**What you are asked to do:** Copy task. Retype the whole listing exactly, omitting any picture in it.
Supplied material START
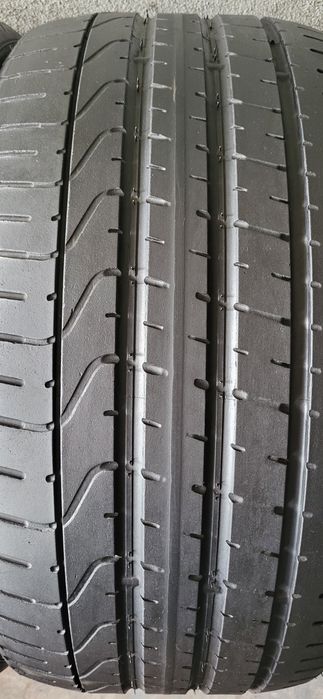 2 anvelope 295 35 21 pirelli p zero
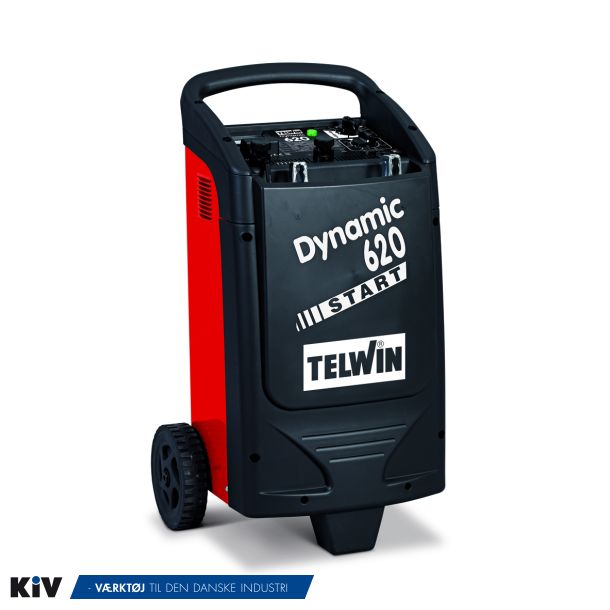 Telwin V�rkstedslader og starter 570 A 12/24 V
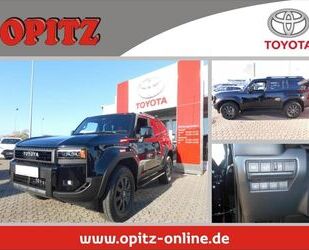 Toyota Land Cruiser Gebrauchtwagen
Supplied material END
**Result of the exercise:**
 2 anvelope 295 35 21 pirelli p zero
 Telwin V�rkstedslader og starter 570 A 12/24 V
 Toyota Land Cruiser Gebrauchtwagen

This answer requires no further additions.